Con disculpas al lector curioso me voy a reservar el motivo de la maniobra montada por Vallejo bajo instrucciones de McComie. Ellos no están más entre nosotros y por consiguiente no pueden rebatir mi versión. El propósito de someter la reelección de Baena a una votación por escrito lo averigüé poco después. Con renovado agradecimiento a los profesores de Villanueva, me limito a citar este axioma jurídico: a confesión de parte, relevo de prueba.
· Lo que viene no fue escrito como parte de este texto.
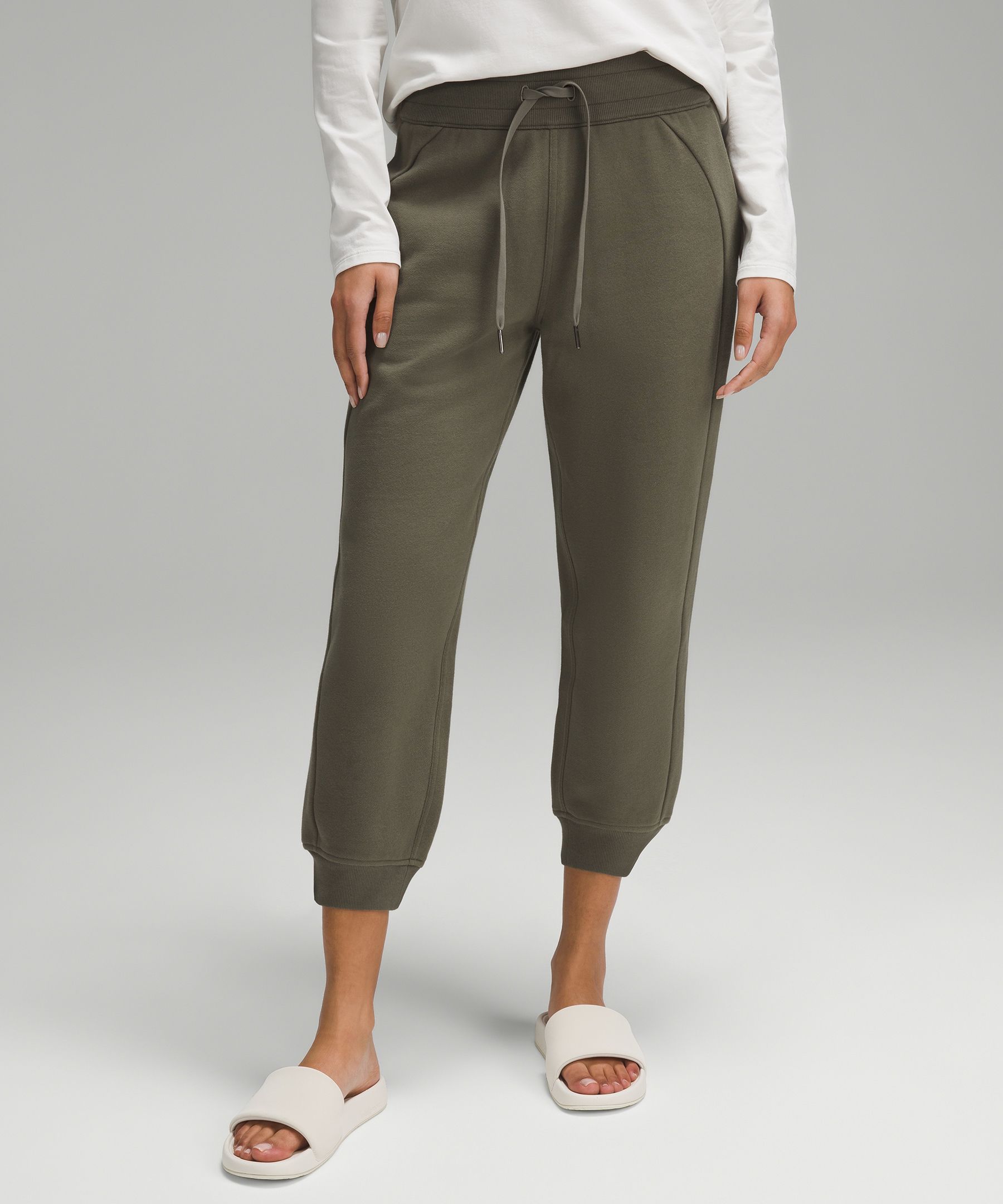 Lululemon athletica Scuba Mid-Rise Wide-Leg Pant *Full Length, Women's  Sweatpants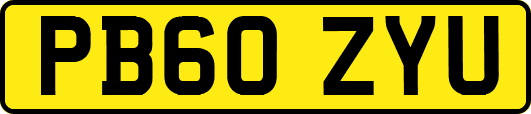 PB60ZYU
Cierro este capítulo con un recuerdo feliz, nunca recogido por escrito. Días antes de la inauguración de la Asamblea General el Canciller Acevedo Peralta me dijo que deseaba condecorarme, una vez terminada la reunión, en una ceremonia en la sede de la OEA en Washington. Lamenté no poder aceptar su ofrecimiento sin consultar al Secretario General. Me sugirió hacerlo de inmediato, y así lo hice por teléfono. El Embajador Baena me autorizó a aceptar la condecoración por considerar que sería ofensivo no hacerlo, siempre que la ceremonia tuviera lugar en San Salvador sin mayor publicidad.
El ministro de Relaciones Exteriores de El Salvador me impuso la Orden de José Matías Delgado, en el grado de Gran Oficial, ante un grupo de sus embajadores en su despacho del ministerio. Recuerdo siempre sus gentiles palabras de agradecimiento por la celebración de la conferencia, cuyo éxito, según dijo, se debía a mis aportes antes y durante la Asamblea General. Nunca más después de esa mañana he tenido ocasión de lucir la condecoración, pero sí la cinta en miniatura, en el ojal de la chaqueta, para honra mía y el agrado de mis amigos salvadoreños.